The comparison is performed using the F₁ score with a tolerance of 15 cm⁻¹, evaluating both models on the entire test set and on the subset consisting of molecules with a Tanimoto similarity lower than 0.6, as done against the Tanimoto benchmark. As shown in Fig. 6C, the Mol2Raman model outperforms Chemprop across the full test dataset. The mean F₁ score for Mol2Raman is 0.642, compared to Chemprop's 0.391, providing a 64% improvement. The F₁ score for the Chemprop models is calculated using a prominence of 0.05 not to include peaks originated by noise in its calculation. A Mann–Whitney U test confirms that this difference is statistically significant (p < 10⁻⁶), highlighting Mol2Raman's superior capability in identifying Raman-active frequencies. The F₁ score distribution of Mol2Raman is skewed towards higher values, indicating its superior ability to predict Raman-active frequencies accurately. This better performance can be explained by the Mol2Raman specialized architecture, designed to handle the spectral sparsity and peak-specific information inherent in Raman spectra. Table 7 reports a comprehensive comparison of Mol2Raman and Chemprop performance in terms of different F₁ score tolerances, showing how Mol2Raman outperforms Chemprop for each considered tolerance window.

The comparison on the low similarity dataset is reported in Fig. 6D and Table 8. Fig. 6D demonstrates that Mol2Raman maintains its advantage on unseen molecular structures, with an F₁ score of 0.568 compared to Chemprop's 0.412. This 38% improvement underlines Mol2Raman's high robustness in generalizing to novel chemical spaces. Table 8 presents the comparison of both models on this low-similarity dataset. Interestingly, the Chemprop model shows slightly better performance on the low-similarity subset (Tanimoto similarity <0.6) compared to its predictions on the full test dataset. This counterintuitive result can be attributed to several factors. Firstly, Chemprop may exhibit overfitting tendencies towards molecular structures prevalent in the training dataset, limiting its ability to generalize effectively within structurally similar groups in the full test dataset. In contrast, the more structurally diverse molecules in the filtered dataset could reduce this bias, enabling the model to generalize better. However, even with this modest improvement, Mol2Raman consistently outperforms Chemprop across both datasets, highlighting its superior capability to model Raman spectra and generalize across varying chemical spaces.
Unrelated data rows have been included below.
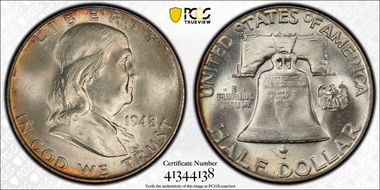 1948 50C DDR FS-801 MS67FBL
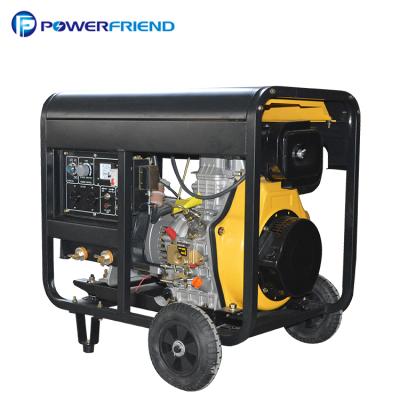 China Air Cooled Open Type 300A Portable Diesel Generator Welding Machine PD12EW for sale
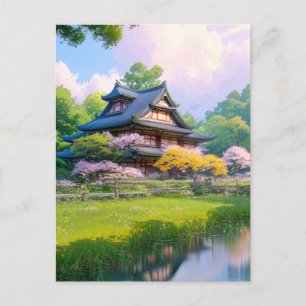 Carte Postale Une retraite paisible au coeur de la nature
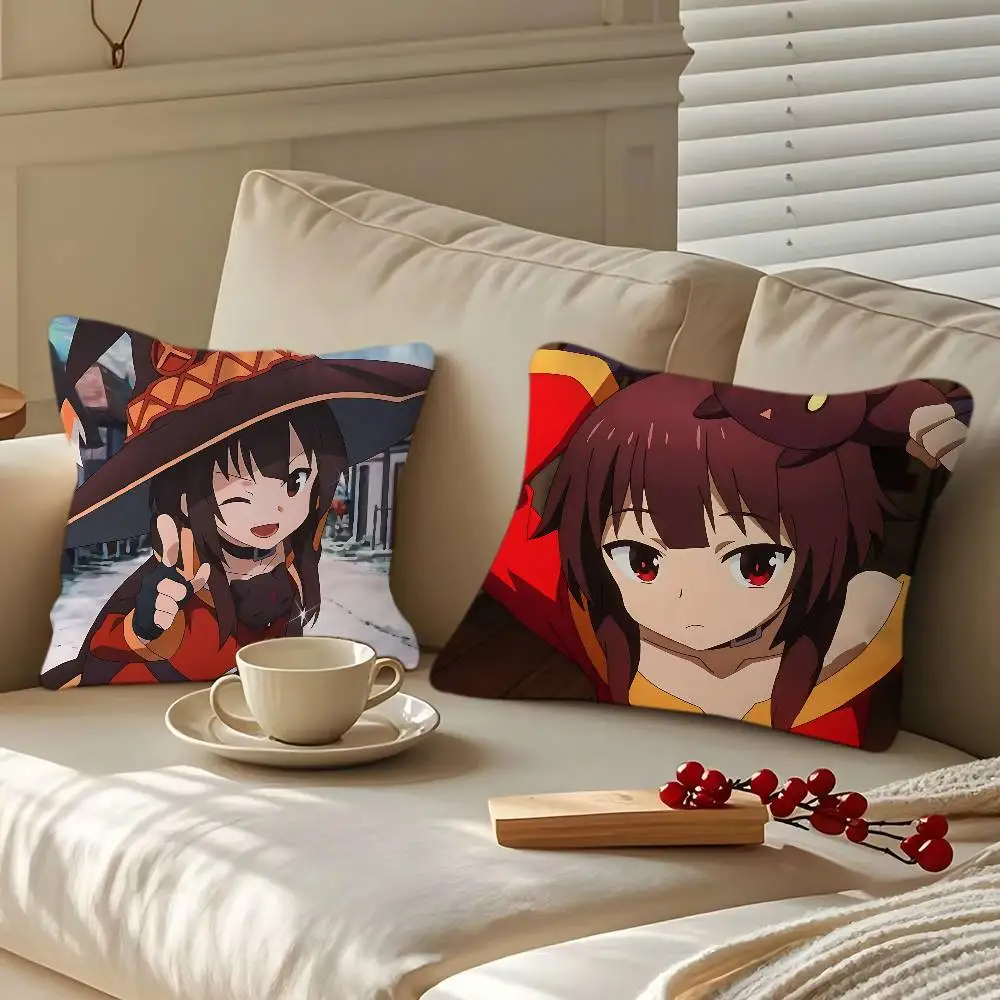 M-Megumin غطاء الوسادة المخدة المفروشات أريكة رمي وسادة ديكور المنزل المخدة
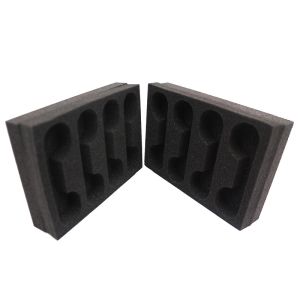 China Antistatic PU Foam ESD Blister Packing Black / Pink Color Conductive Foam wholesale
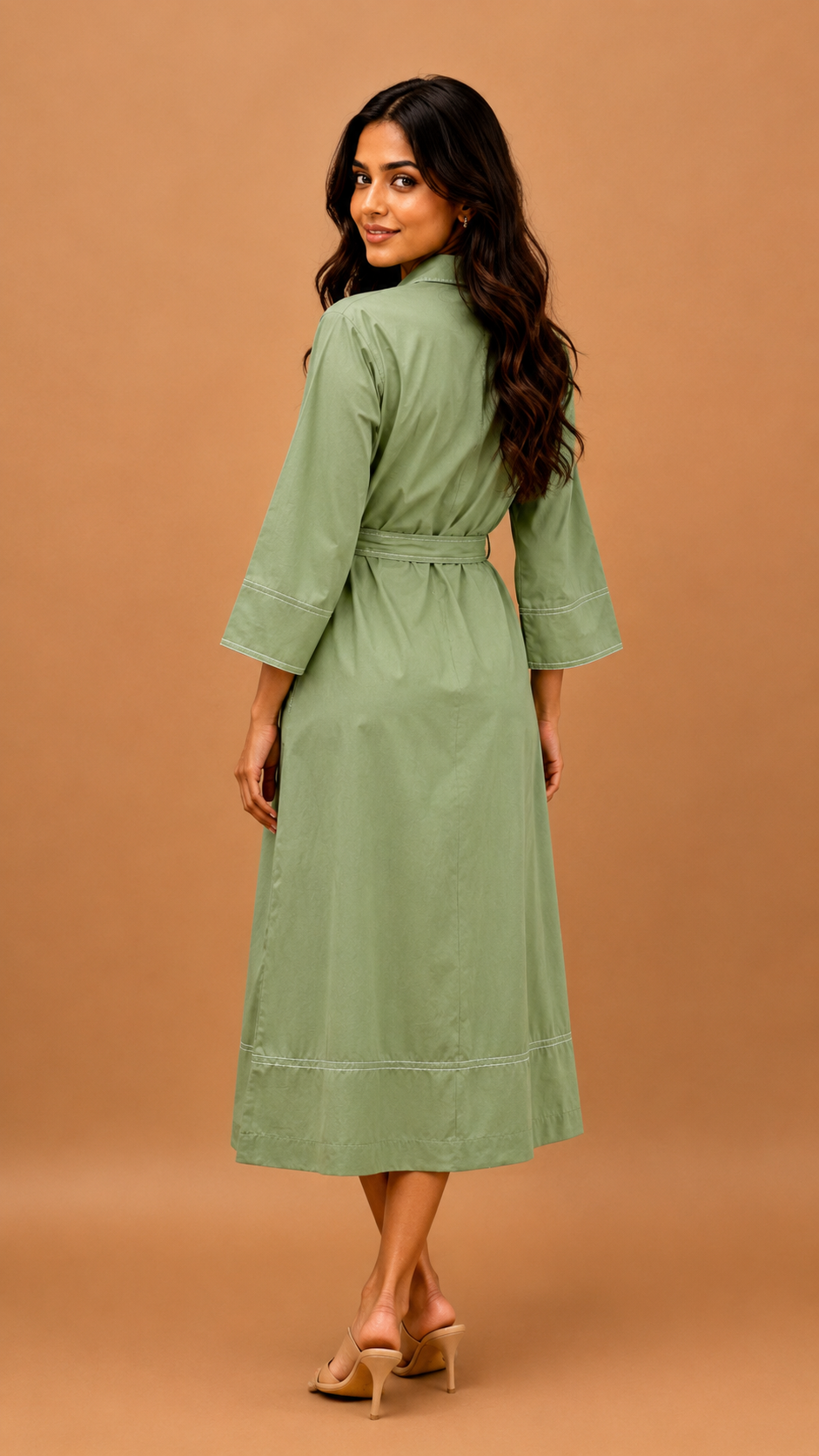 One piece kurti with belt western, party ware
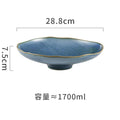 Axyaa Ceramic High-Footed Seafood Sashimi & Sushi Plates Set - Retro Restaurant Tableware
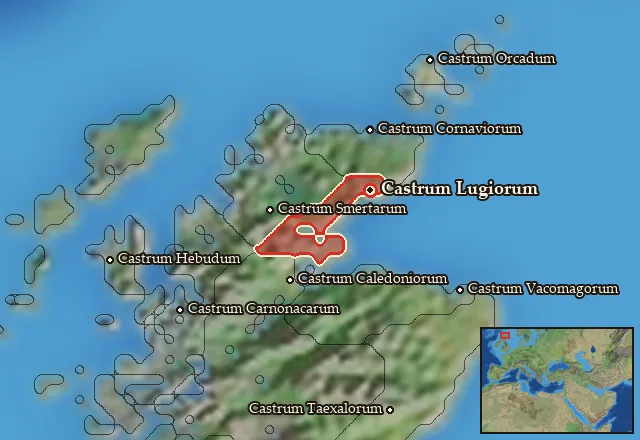 Map of Lugia-Decantaea and its neighbours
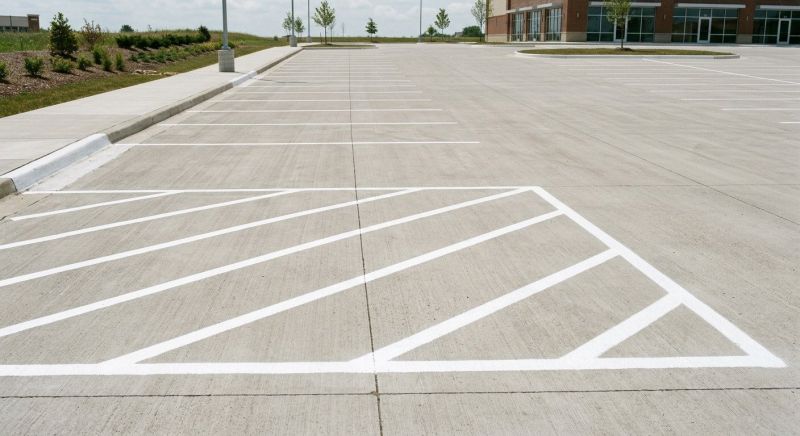 Parking Area Striping in Suwanee, GA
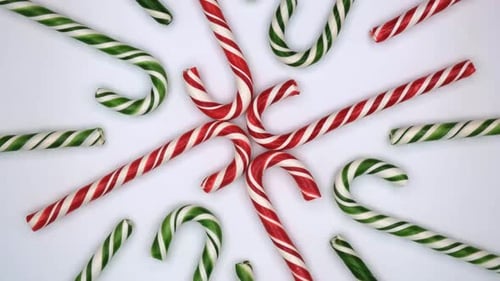 Christmas candy cane caramels
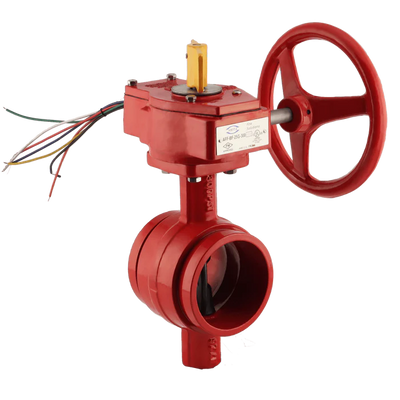 ARITA UL/FM Fire Protection Butterfly Valve 300PSI Groove Type BF25 Series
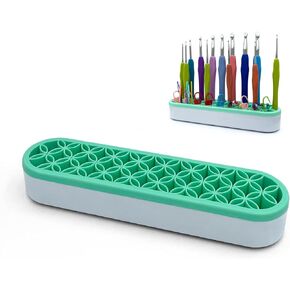 Silicone Crochet Hooks Holder, Crochet Hooks Organizer, Makeup Brushes Organizer, Silicone Pen Holder, Crochet Stuff Storage, Crochet Gifts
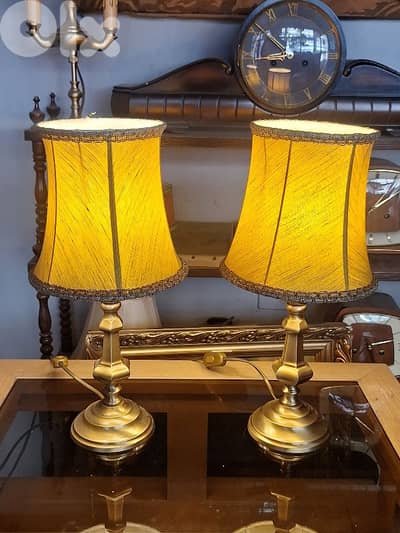 2 italian brass lamps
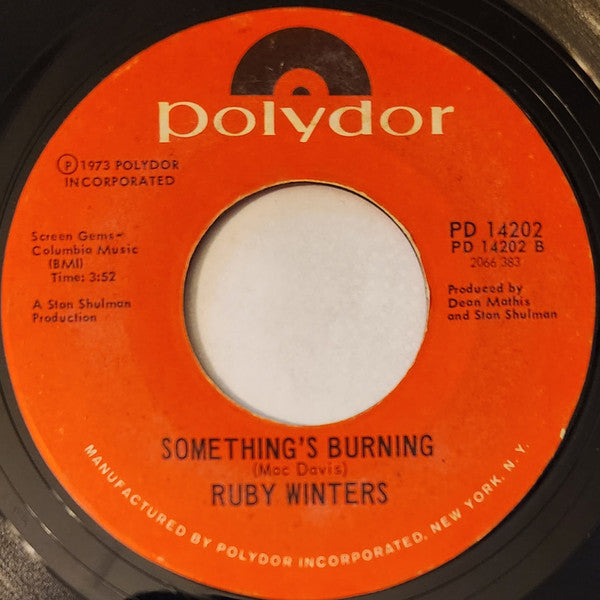 Ruby Winters : I Will (7")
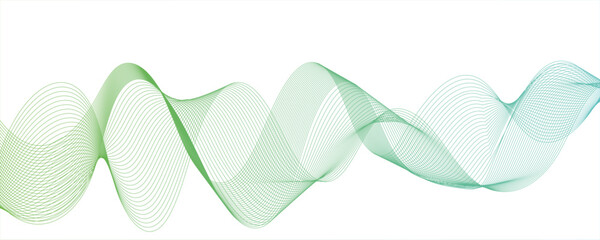 Abstract green smooth element swoosh speed wave modern stream background.Abstract colors blend mesh. Background lines wave abstract stripe design.Digital frequency track equalizer.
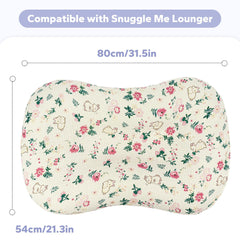 FUNUPUP Muslin Baby Lounger Cover stretch installation shows simple fast setup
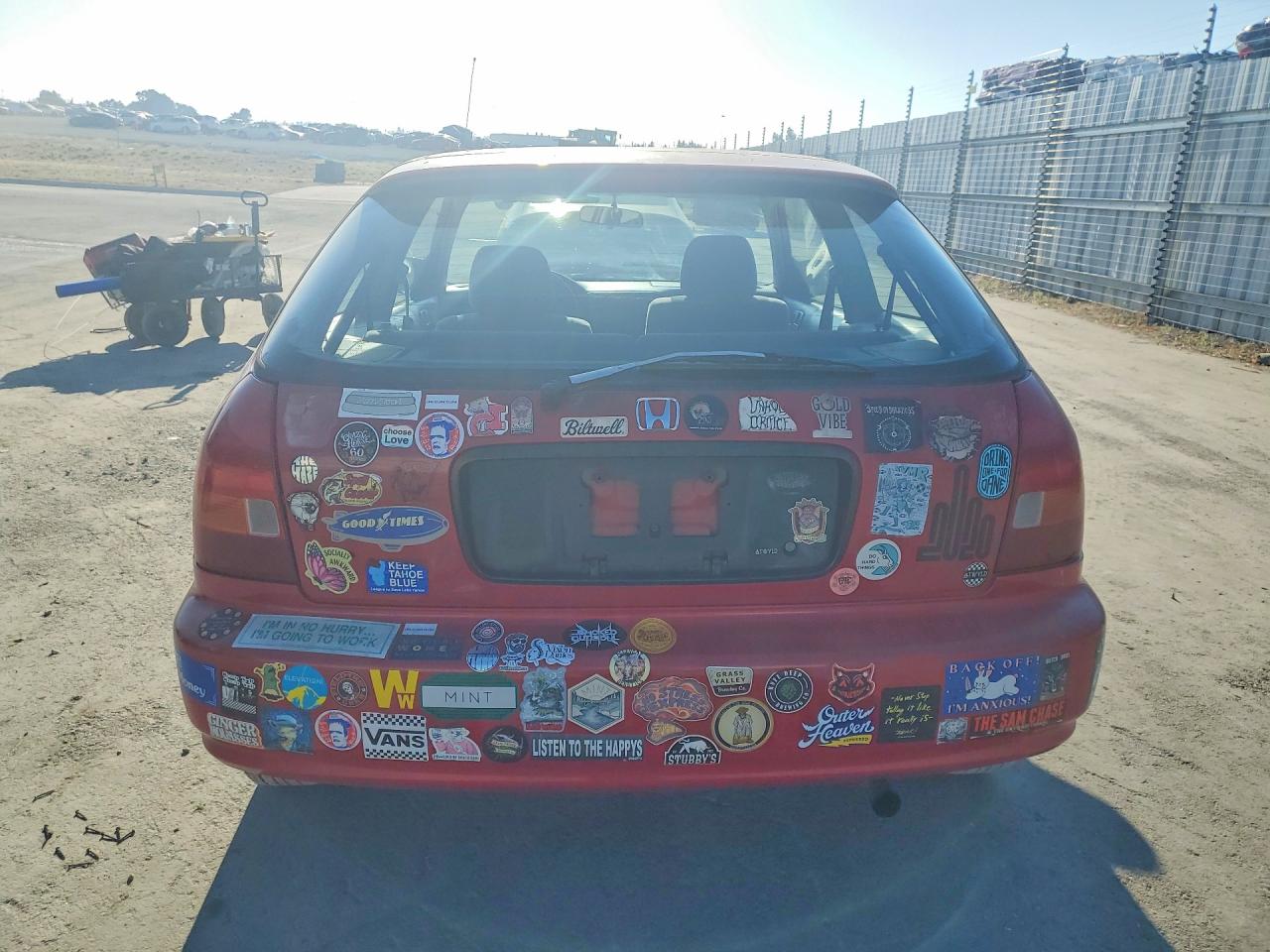 1996 Honda Civic Dx Red vin: 2HGEJ6440TH124418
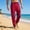 Red, variant on Men's Summer Pants Loose Fit for Daily Casual Wear Breathable Lightweight Home and Outdoors Tranquil Comfort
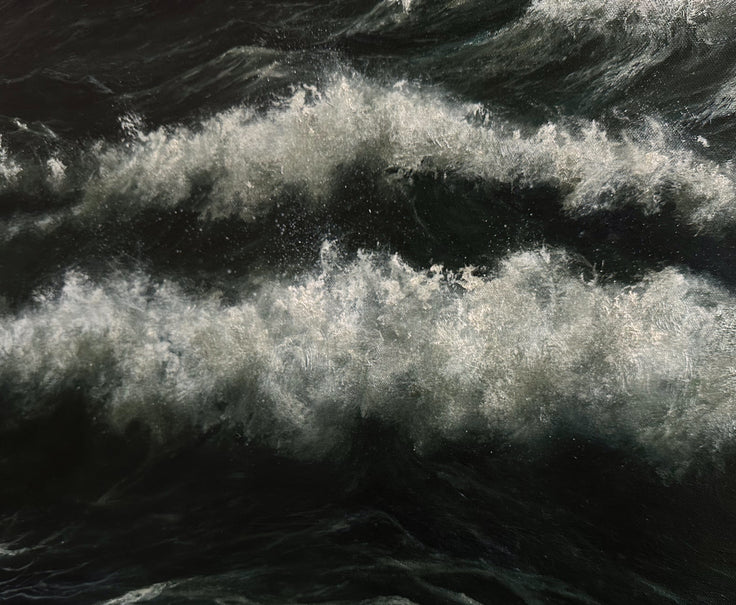 “Sink or Swim II” Oil Painting - 40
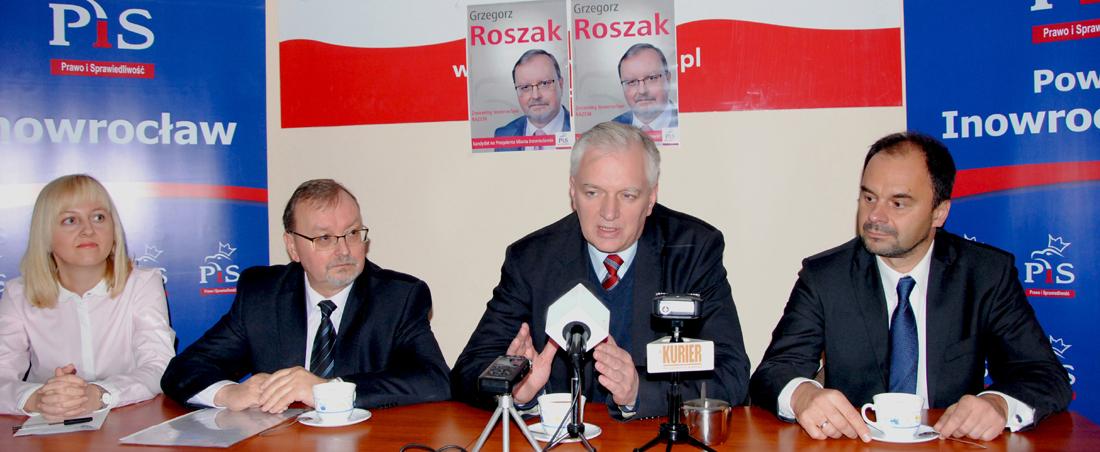 Jarosław Gowin popiera Grzegorza Roszaka (MP3)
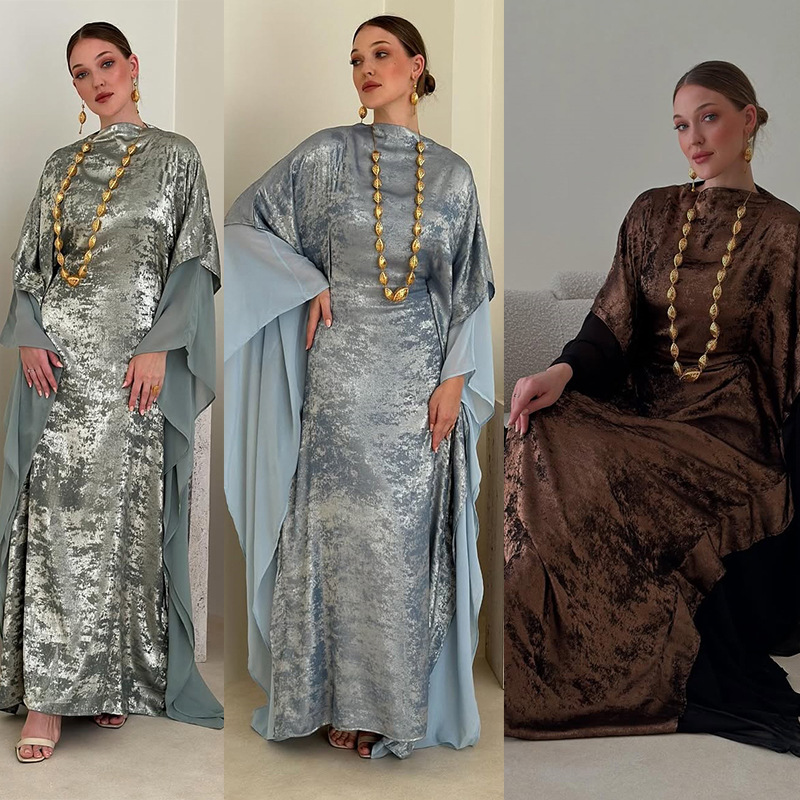 Modest Metallic Abaya Evening  - Women Formal Wear Dubai 评论和价格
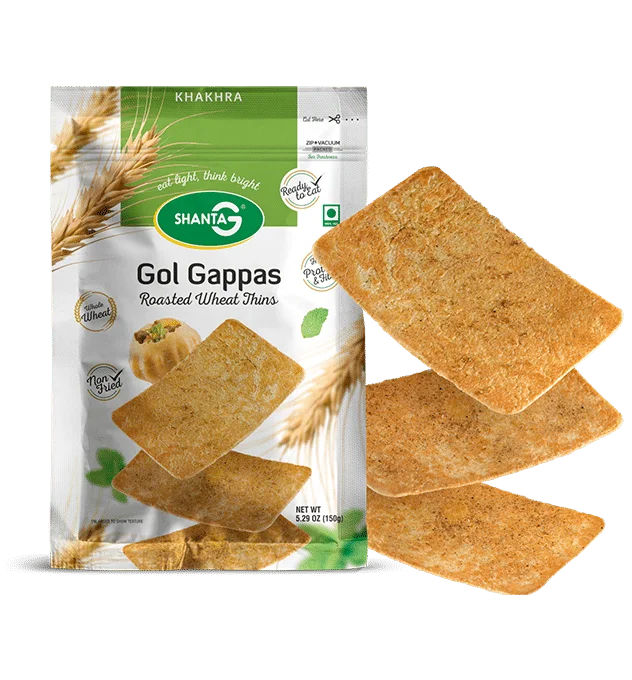 Golgappa Khakhra Wheat Thins - Roasted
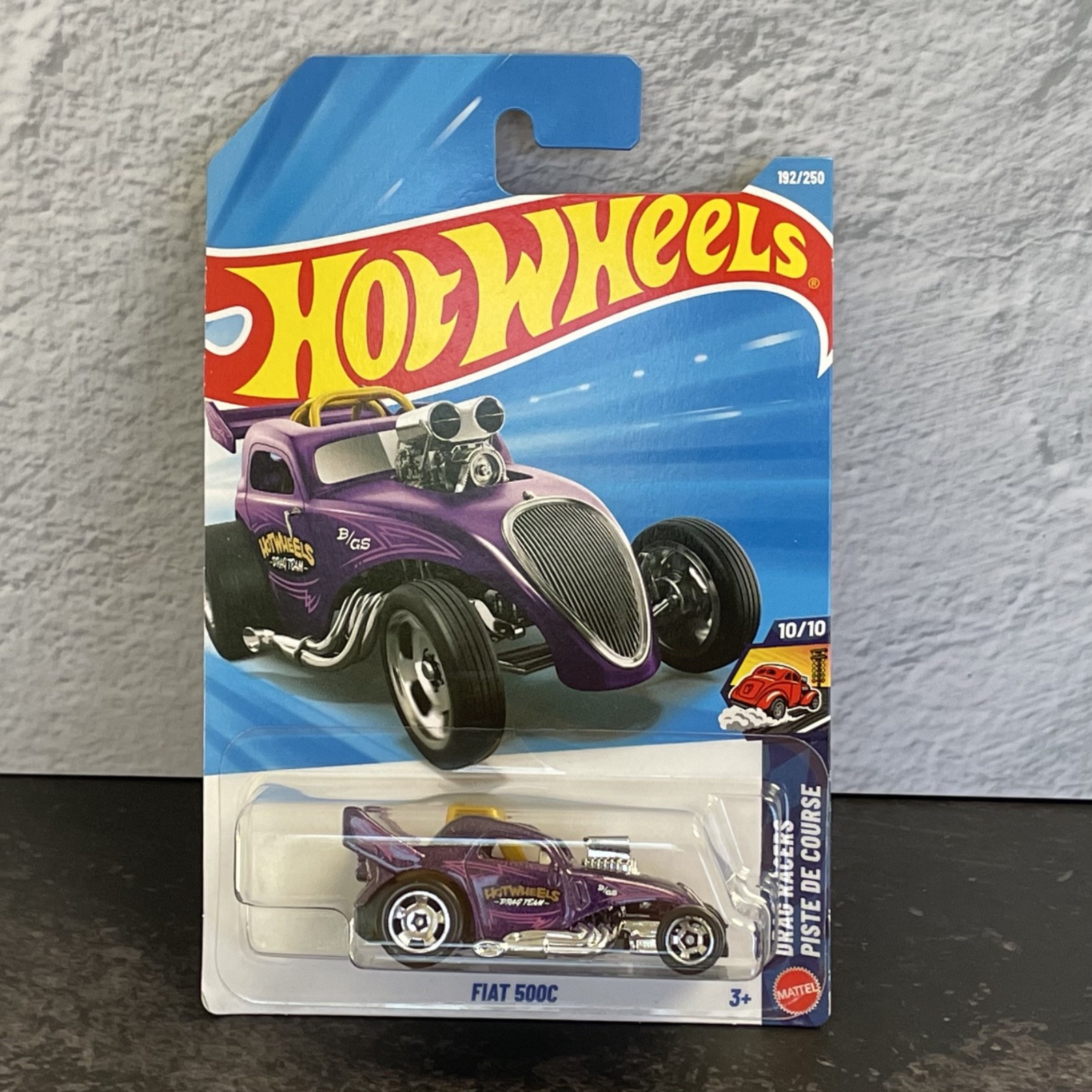 Fiat 500C #192 Purple Drag Racers 10/10 2026 Hot Wheels – NEW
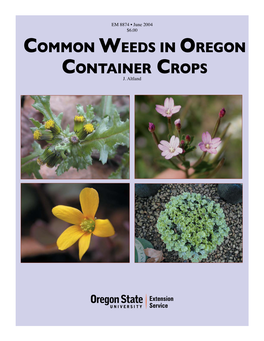Common Weeds in Oregon Container Crops J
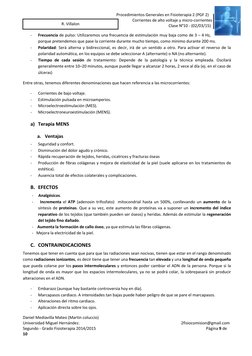 Corrientes de Alto Voltaje en Fisioterapia | PDF | Fisiología ...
Table 8 Comparison of F₁ score metrics between Mol2Raman, the Tanimoto benchmark and the Chemprop benchmark on the low-similarity test dataset, along with their mean, median, and standard deviation across the entire Raman spectrum, at varying tolerance levels (10, 15, and 20 cm⁻¹)

Metric	F₁ tol. 10 cm⁻¹	F₁ tol. 15 cm⁻¹	F₁ tol. 20 cm⁻¹
Mol2Raman
Mean	0.491	0.568	0.639
Median	0.500	0.576	0.655
St. dev.	0.107	0.107	0.105

Tanimoto benchmark
Mean	0.306	0.309	0.311
Median	0.311	0.314	0.316
St. dev.	0.050	0.050	0.049

Chemprop benchmark
Mean	0.353	0.412	0.468
Median	0.356	0.415	0.467
St. dev.	0.082	0.077	0.079

The observed performance gap between Mol2Raman and Chemprop can be explained by the differing design philosophies of the two models. Chemprop was originally optimized for IR spectra, which are inherently denser and smoother than Raman spectra. In contrast, Mol2Raman was specifically engineered to model the sparse and peak-oriented nature of Raman spectra, effectively capturing both peak localization and relative intensities. Mol2Raman's GINE layers, combined with traditional chemical descriptors, allow for a richer encoding of molecular properties, enabling more accurate peak prediction. In contrast, Chemprop's standard MPNN architecture struggles to capture the nuanced spectral features inherent in Raman spectroscopy, particularly in the fingerprint region where structural complexity is more pronounced.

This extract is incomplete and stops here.